Properties with un-consented building work, complete do-ups and houses with structural problems will be the hardest to sell this year – and cause headaches for both the seller and the listing agent.

With an abundance of properties for sale in many regions, buyers will have the pick of the crop. Agents believe buyers will be looking for homes that require very little work, if at all, have all the paperwork up-to-date and are ready to show.

Harcourts Glenfield agent David Ding says the homes more likely to fly off the shelf this year will be ones that are completely done up to a high standard.

“If you gave me a fully renovated home, you would make my job much easier. But I fully appreciate and understand it’s impossible to find a perfect tradesperson to do a good job at a certain period of time.”

Failing a major renovation, making sure the home is tidy and well-presented will also help.

Rather than homeowners shelling out $70,000 to replace the kitchen, Ding said the seller could just spend a few thousand dollars and make a few changes such as replacing the bench top, spray painting the cupboards and switching the handles to make the home more appealing.

“It’s all about effort this year,” he says.

Houses with unconsented construction, title issues or in poor condition will struggle to sell this year. Photo / Getty Images

With lending tight, buyers are also struggling to borrow for renovations which is why people are favouring buying a house that’s already been done, he said.

“What I find the most challenging to sell is the property has not been tidied up or presented well.”

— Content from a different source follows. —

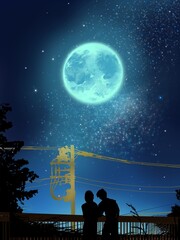 Silhouette of lovers in  the moonlight night view 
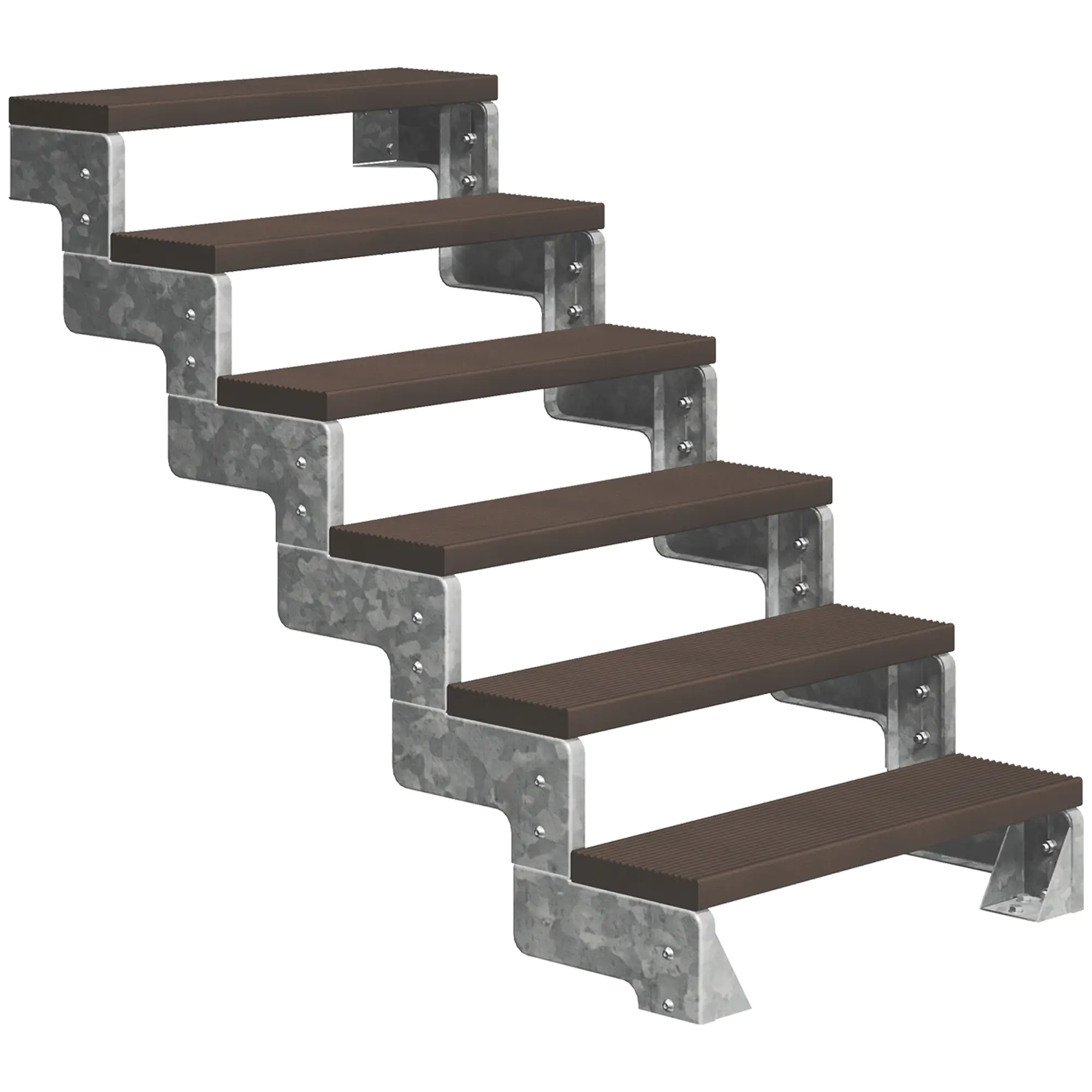 Dolle Außentreppe Gardentop 6 Stufen ohne Geländer, Breite 80 cm, Trimax, dunkelbraun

Older houses with larger sections over 600sqm that previously attracted developers and ex-rentals that have had nothing done to them could struggle to sell unless priced realistically.

In Wellington, Tommy’s real estate agent Jason Lange agrees that houses with larger 1500sqm-plus sections won’t get much interest until later this year or early 2024 when developers are ready to buy again.

Instead, well-presented, fully or mainly renovated family homes with three bedrooms and a study or four bedrooms in sought-after suburbs such as Hataitai, Island Bay, Mount Victoria and parts of Berhampore will be more of a breeze to sell as people are still looking to trade up.

“Big-ticket items such as roofing, foundation work and removing walls – that sort of thing – people are certainly trying to shy away from at the moment, but [are] happy to do that cosmetic stuff where ... the walls need to repainted, potentially floor sanded or new carpet being put down – quite happy to put that down.”

However, a property needing lots of work could find itself a buyer, Lange adds, if priced well.

Harcourts agent Zani Polson says do-ups in the lower end of the Christchurch market are still selling because some people are realising it’s all they can afford.

“Those parties who just don’t have the funds to buy something that is completely renovated, they’ve gone, ‘ok what can I buy?’ and have said, ‘I will buy this and at some point in time I will have to do the renovation myself or have a little bit of funds put aside in order to do that’.”

The houses that will sell more quickly will have the least amount of headache and be priced realistically, she says.

“They will have all their paperwork in play – LIM, title all that sort of stuff. But equally they will have all the documents – if there have been renovations, they will be the ones that have the paperwork to support that. They will be the ones that [buyers] will be confident on and people will move forward on.”

Properties with unconsented spaces will find it much harder to get traction.

“If buyers are OK with it that’s fine, but the banks will run scared or the lawyers will say there’s a better buy out there for you, you don’t need to take on this headache," she says.

Bayleys Christchurch general manager of sales Rachel Dovey says having a clean and tidy property will help it sell, but homeowners should stop short at taking out walls to provide additional space because this could result in the property not complying with council regulations and actually make it harder to sell.

However, regardless of the property, most agents agree the price of the property will be key to it selling this year so vendors need to be realistic and accept that unless they’ve purchased in the last two years, they won’t be losing money.

CoreLogic NZ property economist Kelvin Davidson agrees, saying that what people can pay for a property depends largely on the rising interest rates and whether the banks will let them.

“A big challenge for people wanting to buy is getting a mortgage and getting a mortgage they can actually afford in terms of interest rates.”